The project required close study and careful observation to fill a nontraditional space. Two deep, raised display windows recede into the surrounding building to frame the entrance of 181 Essex Street. This was one of two spaces along Essex Street offered to local college art programs for students to enliven the pedestrian mall and demonstrate their creativity.
For Montserrat students, it’s a vital opportunity to present their work in a public space. In previous iterations of Alexander’s class, her students have installed their final projects in college hallways and along regional nature trails. As Alexander explained, “This is significantly different. The students are aware of how many more people will access their work and the project has given rise to a truly collaborative process. It feels like a serendipitous moment.”

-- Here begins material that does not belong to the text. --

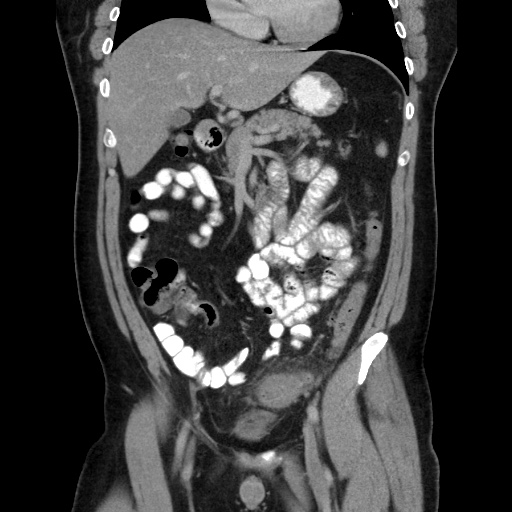 Acute diverticulitis with localized perforation (Radiopaedia 41296-44113 Coronal C+ portal venous phase 28).jpg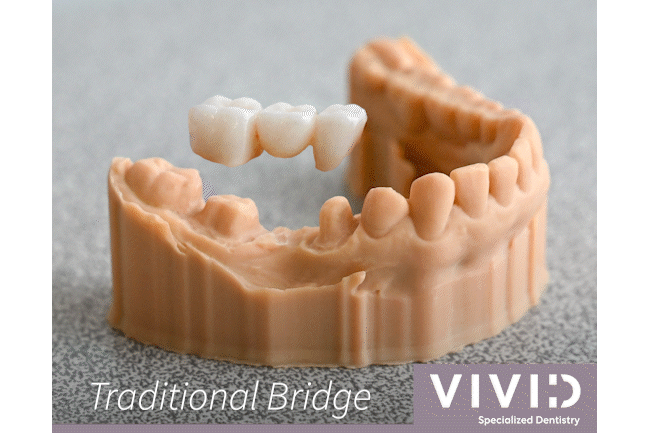 Traditional Bridge on and off model at Vivid Specialized Dentistry 5.gif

The group work, entitled Ebbing Flow, uses the two symmetrical window spaces to create a mirrored domestic scene. One side is stark and sterile, the other in a wild state of decay and water damage. As the students note in their artists’ statement, Salem is intricately connected to the sea and has relied on it commercially for generations.
“However, coastal states are vulnerable to natural disasters such as hurricanes, typhoons, tsunamis and flooding. This can cause significant damage to the infrastructure, economy and surrounding environment,” they write.
Extending the theme of ecological fragility, around 85% of the materials sourced for the project, from paint to furniture, were upcycled and gathered with an eye towards creative reuse.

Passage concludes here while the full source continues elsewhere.